## Ishaan94 Group Title Compute $$f'\left(0\right)$$. $$\large f\left(x\right) = \int\limits_{\cos x}^{\sin x} e^{t^2+xt}dt.$$ 2 years ago 2 years ago

1. apoorvk Group Title

Leibnitz rullllllleeeeeeeeeeeeeeeeee!!!!!!!!

2. apoorvk Group Title

$\frac{\int\limits_{h(x)}^{g(x)}f(t).dt}{dx}= f(g(x)).g'(x) - f(h(x)).h'(x)$ Here, $$f(t) = e^{t^2 + xt}, g(x)=\sin x\text{ and }h(x)=\cos x$$

3. apoorvk Group Title

$f'(x) = e^{\sin^2 x + x\sin x}.\cos x + e^{\cos^2 x + x\cos x}.\sin x$ $SOoooooOOOOoooooo,~ f'(0) = e^0+ 0 = \boxed{1}$

4. apoorvk Group Title

(i.e., if I did not make a characteristically stupid error again -_-)

5. Ishaan94 Group Title

Read the question again apoorv. $$\large e^{t^2 + xt}$$

6. apoorvk Group Title

I am sorry, but isn't that 'x' supposed to be taken as a constant when you integrate wrt to 't'?? I can't figure out where am going wrong. Or may be I do..

7. Ishaan94 Group Title

No, you are differentiating with respect to $$x$$.

8. apoorvk Group Title

Well that's the later part of the thing, but when am integrating, 'x' is a constant wrt 't', no balls with that.
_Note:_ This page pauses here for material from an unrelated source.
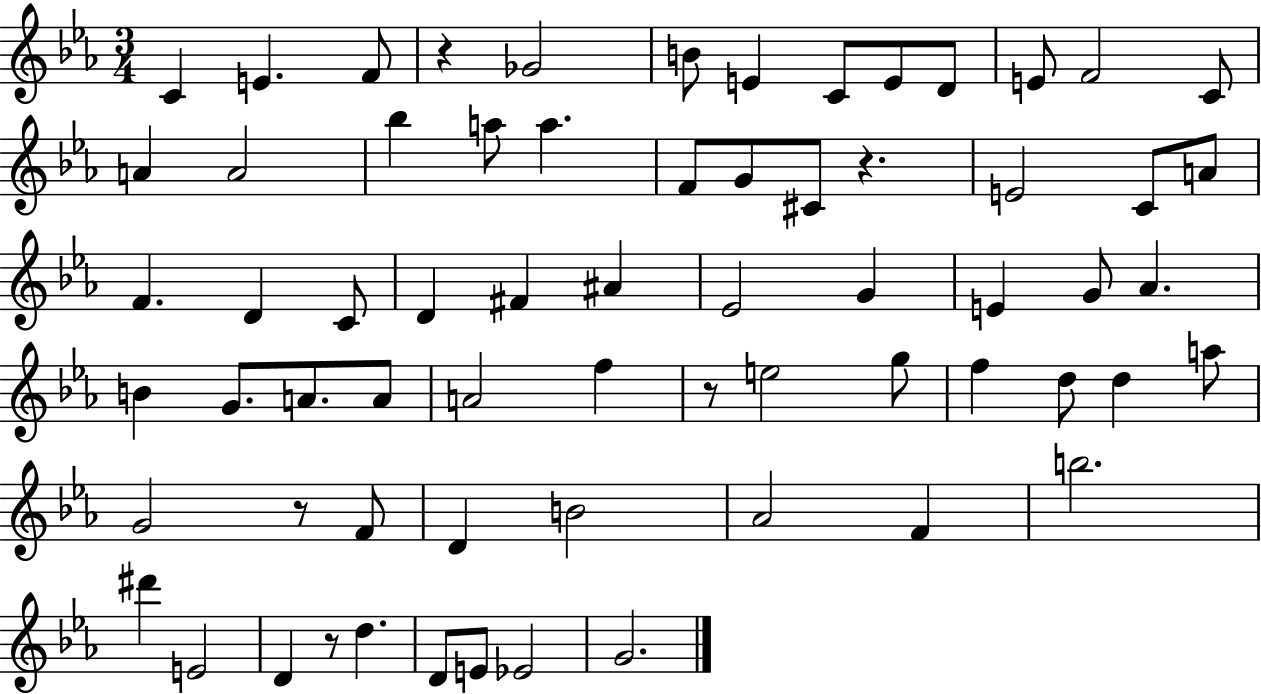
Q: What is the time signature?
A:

After am done the integration thingy, I am supposed to put in limits, and BAZINGA! the function is now in terms of 'x' completely. NOW we differentiate. We could follow all these steps, except that it would take ages for me to integrate that thing. So, Leibnitz to the rescue. Either this, or am missing your whole point.